Open jbvioix opened 2 weeks ago
This makes a lot of sense. Can you share with me the "timeout" logs that you're getting? I want to know where exactly we're timing out to make it configurage. Is it that the background job itself timesout, or is it the call to ollama that timesout
With GPU enabled, I've got these logs:
workers-1 | 2024-06-15T07:16:31.518Z info: [inference][99] Starting an inference job for bookmark with id "ouhm96clwfw25pkbmdcrlj3o"
ollama-1 | [GIN] 2024/06/15 - 07:17:16 | 200 | 44.993621295s | 172.25.0.7 | POST "/api/chat"
workers-1 | 2024-06-15T07:17:16.537Z info: [inference][99] Inferring tag for bookmark "ouhm96clwfw25pkbmdcrlj3o" used 1656 tokens and inferred: Python,History,ProgrammingLanguage,ComputerScience,DevelopmentEnvironment
workers-1 | 2024-06-15T07:17:16.584Z info: [inference][99] Completed successfully
Perfect job, no problem.

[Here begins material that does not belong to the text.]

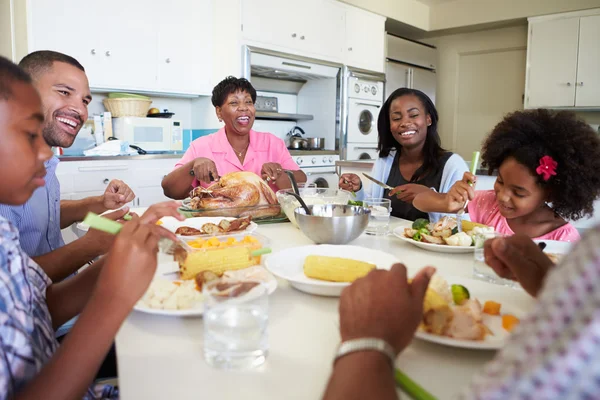 Multi-Generation Family Eating Meal — Stock Photo, Image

If I disabled GPU, I've got this:
workers-1 | 2024-06-15T07:19:46.715Z info: [inference][100] Starting an inference job for bookmark with id "uxr3yjtfke0tu2u800jbh9rj"
ollama-1 | [GIN] 2024/06/15 - 07:24:47 | 200 | 5m1s | 172.25.0.7 | POST "/api/chat"
workers-1 | 2024-06-15T07:24:47.971Z error: [inference][100] inference job failed: TypeError: fetch failed
workers-1 | 2024-06-15T07:29:50.926Z info: [inference][100] Starting an inference job for bookmark with id "uxr3yjtfke0tu2u800jbh9rj"
...
ollama-1 | [GIN] 2024/06/15 - 07:29:49 | 200 | 5m1s | 172.25.0.7 | POST "/api/chat"
workers-1 | 2024-06-15T07:29:49.832Z error: [inference][100] inference job failed: TypeError: fetch failed
workers-1 | 2024-06-15T07:29:50.926Z info: [inference][100] Starting an inference job for bookmark with id "uxr3yjtfke0tu2u800jbh9rj"
...
ollama-1 | [GIN] 2024/06/15 - 07:34:52 | 200 | 5m1s | 172.25.0.7 | POST "/api/chat"
workers-1 | 2024-06-15T07:34:52.254Z error: [inference][100] inference job failed: TypeError: fetch failed
...
After the first fail, a new inference job is automatically launched. There are 5 minutes between each job events. I think it's a timeout somewhere...
I've successfully tried Ollama on GPU to generate keywords. However, when I use it on a CPU, I get no results. I've done a few tests in Python, the calculation time on CPU is much longer with correct results. I think there's a timeout somewhere that stops the Ollama task. Is it possible to configure it so that the CPU can be used (on a single-user lightweight server) for labelling?